9.2 FINANCIAL COVENANTS
(a) Tangible Net Worth. Maintain a minimum Tangible Net Worth of at least
$3,200,000.00 as of September 30, 1997.
"Tangible Net Worth" means total assets less total liabilities and less
the following types of assets: (1) leasehold improvements; (2)
receivables and other investments in or amounts due from any
shareholder, director, officer, employee or other person or entity
related to or affiliated with the Borrower; (3) goodwill, patents,
copyrights, mailing lists, trade names, trademarks, servicing rights,
organizational and franchise costs, bond underwriting costs and other
like assets properly classified as intangible.
(b) Total Liabilities to Tangible Net Worth Ratio. Maintain a ratio of
total liabilities to Tangible Net Worth of less than 2.0 to 1.0 as of
September 30, 1997.
(c) Net Profit. Obtain a minimum after-tax net profit of $500,000.00 as of
September 30, 1997.
9.3 OTHER COVENANTS
(a) Other Liens. Refrain from allowing any security interest or lien on
property it owns now or in the future, except:
(i) Liens in favor of the Bank.
(ii) Liens for taxes not delinquent or which the Borrower
is contesting in good faith.
(b) Dividends. Refrain from: 1) declaring or paying any dividends on any of
its capital stock, or 2) purchasing, redeeming or otherwise acquiring
any of its capital stock.
(c) Insurance. Cause its properties to be adequately insured by a reputable
insurance company against loss or damage and to carry such other
insurance (including business interruption insurance) as is usually
carried by persons engaged in the same or similar business. Such
insurance must include a lender's loss payable endorsement in favor of
the Bank in form acceptable to the Bank.
(d) Nature of Business. Refrain from engaging in any line of business
materially different from that presently engaged in by the Borrower.

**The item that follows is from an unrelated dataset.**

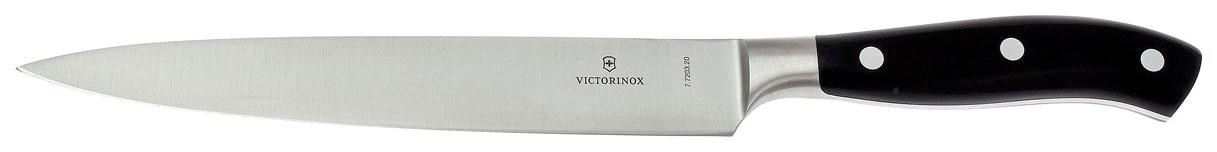 фото Нож кухонный victorinox 7,7203,20g 20 см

(e) Deposit Accounts. Maintain its principal deposit accounts with the
Bank.
(f) Form of Organization and Merger. Refrain from changing its legal form
of organization or consolidating , merging, pooling, syndicating or
otherwise combining with any other entity. The purchase by the Borrower
of the trademark and franchise agreements of We Care Hair Development,
Inc. has been agreed to by the Bank and shall not be deemed a default
by the Borrower under this paragraph (f).

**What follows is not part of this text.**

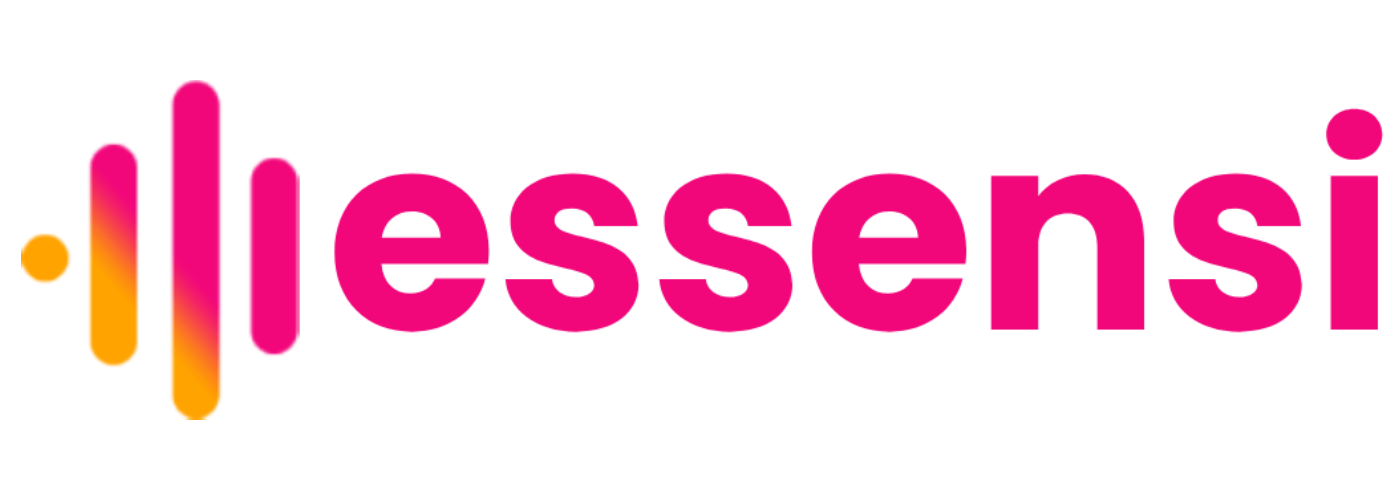 essensi.id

(g) Maintenance of Properties. Make all repairs, renewals or replacements
necessary to keep its plant, properties and equipment in good working
condition.
(h) Books and Records. Maintain adequate books and records and refrain from
making any material changes in its accounting procedures whether for
tax purposes or otherwise.
(i) Compliance with Laws. Comply in all material respects with all laws
applicable to its business and the ownership of its property.
(j) Preservation of Rights. Maintain and preserve all rights, privileges,
charters and franchises it now has.
These covenants were negotiated by the Bank and Borrower based on
information provided to the Bank by the Borrower. A breach of a
covenant is an indication that the risk of the transaction has
increased. As consideration for any waiver or modification of these
covenants, the Bank may require: additional collateral, guaranties or
other credit support; higher fees or interest rates; and possible
modifications to the Documents and the monitoring of the Agreement. The
waiver or modification of any covenant that has been violated by the
Borrower will be made in the sole discretion of the Bank. These options
do not limit the Bank's right to exercise its rights under Section 9 of
this Agreement.
10. EVENTS OF DEFAULT AND REMEDIES
10.1 DEFAULT
Upon the occurrence of any one or more of the following events of
default, or at any time afterward unless the default has been cured,
the Bank may declare the Line to be terminated and in its discretion
accelerate and declare the unpaid principal, accrued interest and all
other amounts payable under the Notes to be immediately due and
payable:
(a) Default by the Borrower in the payment when due of any principal or
interest due under any of the Notes and continuance for 10 days.
(b) Default by the Borrower in the observance or performance of any
covenant or agreement contained in this Agreement, and continuance for
more than 15 days.
(c) Default by the Borrower in the observance or performance of any
covenant or agreement contained in the Documents, or any of them,
excluding this Agreement, after giving effect to any applicable grace
period.
(d) Default by the Borrower in any agreement with the Bank or any other
lender that relates to indebtedness or contingent liabilities which
would allow the maturity of such indebtedness to be accelerated.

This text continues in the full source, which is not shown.